Best suited to cases of uncertainty

“This study illustrates how important it is to carefully consider how an AI tool should be implemented in the context of the referral base, the types of patients who are presenting and the doctors who are reading the studies,” Dr. Kwon says. She adds that this tool would be best limited to situations of uncertainty, given the 84.7% accuracy in cases when the physician was highly confident in the Florida cohort, where the disease presentation was more advanced.

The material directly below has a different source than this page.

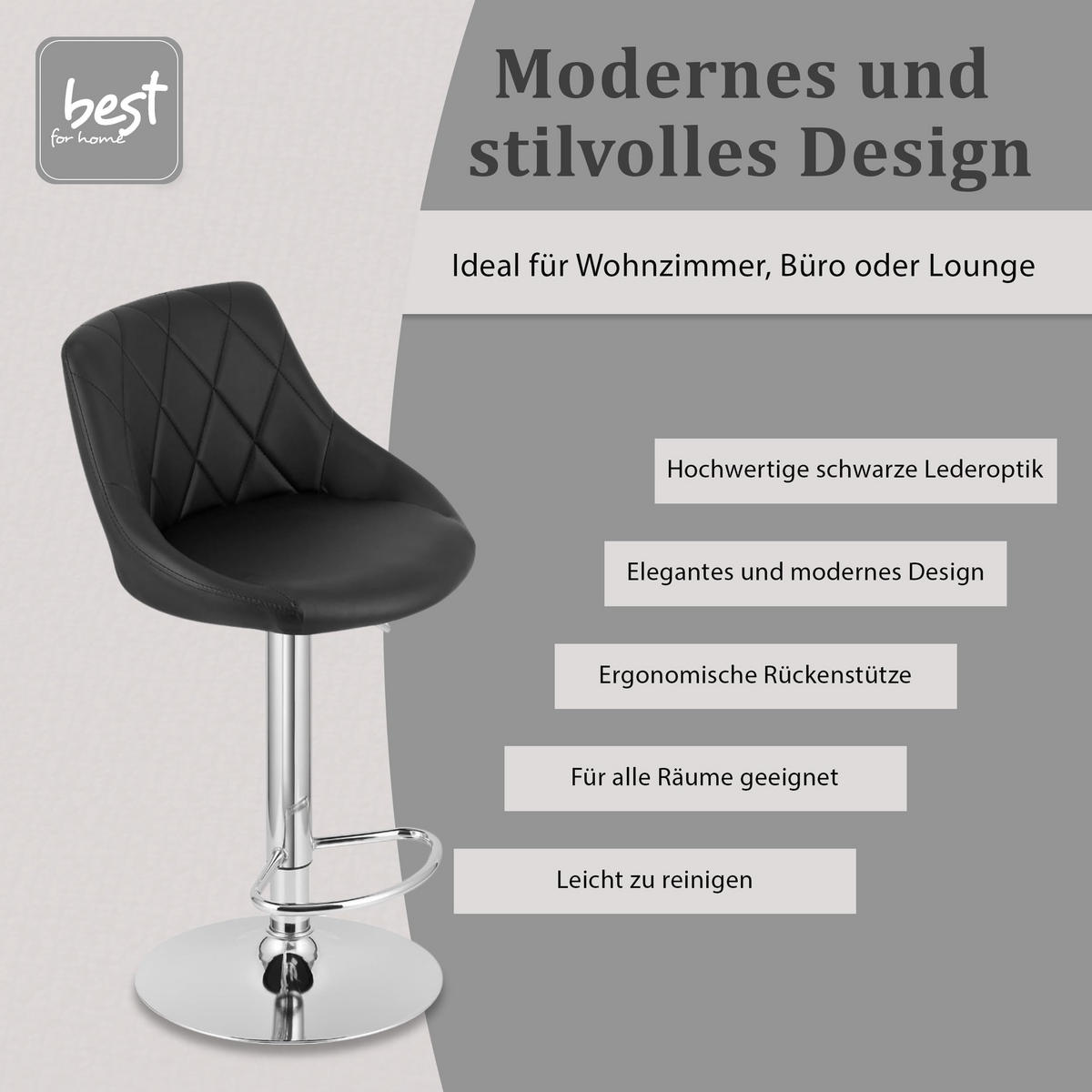 BARHOCKER, drehbar, HÖHENVERSTELLBAR, in Schwarz, Modernes Design - Schwarz, Textil (36/107/38cm) - Best For Home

“When the doctor was confident, it could have changed the right answer to the wrong answer for 8% to 15% of patients,” Dr. Kwon says. “I'm concerned about that, because we shouldn’t be changing right diagnoses to wrong diagnoses. My recommendation is that if the physician is confident, they should just go with their non-AI-assisted diagnostic assessment. However, if they are uncertain, this AI-tool can provide an extra layer of diagnostic guidance.”

Dr. Hanna adds that the stakes for providing that additional level of diagnostic certainty are high. “The importance of making the correct diagnosis is paramount,” he says, “given that both HCM and cardiac amyloidosis have specific disease-modifying treatments.”

Next steps

Dr. Kwon’s planned next step will explore this implementation strategy in a scientific fashion. She will ask expert colleagues to review the test cohort of patients from this study. She plans to study how the AI tool impacts their confidence level about their original diagnosis, prior to exposure to the AI tool.

She credits Cleveland Clinic’s distinctive multidisciplinary team with making this effort possible. In particular, she cites her co-senior author Dr. Chen, who developed the AI methodology. “Having an on-site expert multidisciplinary team is critical,” Dr. Kwon notes. “Developing AI algorithms on site enables a deeper understanding of the strengths and weaknesses of AI tools, as well as the ability to customize their deployment. Unless a physician has a data science background, there’s no way they can develop and implement this on their own.”

She adds that technology is not yet at a stage for a “plug and play” approach with AI clinical decision-support tools. “Much work is still needed to determine the best methodology for clinical implementation, and this requires close collaboration with data science and clinical experts,” she concludes. “This is an exciting time to be in this space. The rapid developments emerging from many different centers will be transforming how we diagnose and care for our patients.”